After the next dance, the moment her partner has handed her to her seat, the figure of her husband appears like one of those phantoms that arise so startlingly by the agency of Phantasmagoria.

"How red you look!" exclaims the attentive husband, with the mournful air of a watchful mother, who suspects from the pulse of a child, the existence of fever.

The poor woman tries to smile as she replies, "Is there anything strange in having a colour after dancing?

"No, not a little colour I admit, but upon my soul, I never saw you look so feverish before.” An idea suddenly flashes across the mind of the poor woman, so mortifying and appalling

that it visibly deepens the carnation of her cheek. Something whispers that her complexion approximates to that of a lobster, after its immersion in boiling water. She appeals to her next neighbour and ascertains it to be "a weak invention of the enemy."

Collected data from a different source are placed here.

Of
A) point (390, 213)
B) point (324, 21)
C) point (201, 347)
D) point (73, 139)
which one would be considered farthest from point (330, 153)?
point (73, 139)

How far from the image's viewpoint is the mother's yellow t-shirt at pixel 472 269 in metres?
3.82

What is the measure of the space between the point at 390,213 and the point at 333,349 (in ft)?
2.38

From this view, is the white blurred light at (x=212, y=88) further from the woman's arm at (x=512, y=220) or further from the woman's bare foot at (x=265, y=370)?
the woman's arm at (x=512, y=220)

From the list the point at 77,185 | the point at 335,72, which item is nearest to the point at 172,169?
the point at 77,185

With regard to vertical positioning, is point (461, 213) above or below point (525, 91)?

A young gentleman having been so fortunate as to capture a couple of ice-creams, which a waiter is bearing by with very tantalizing rapidity, offers one to the wife of our attentive husband. The latter detects his partner in the very act of raising a spoon surcharged with a portion of the contents of the whip-glass to her lips. In an instant he is at her side, and with an air of triumph removes the dangerous glass from her fair hand.

"What were you thinking of?" he asks, with a half-tender, half-reproachful air.

"I was going to eat the ice," replies the pouting fair.

"Not one particle, my love. Ice after dancing? Monstrous! You are too warm-the ice too cold. It would be the death of you." "But these ladies have all been dancingand they are eating ices."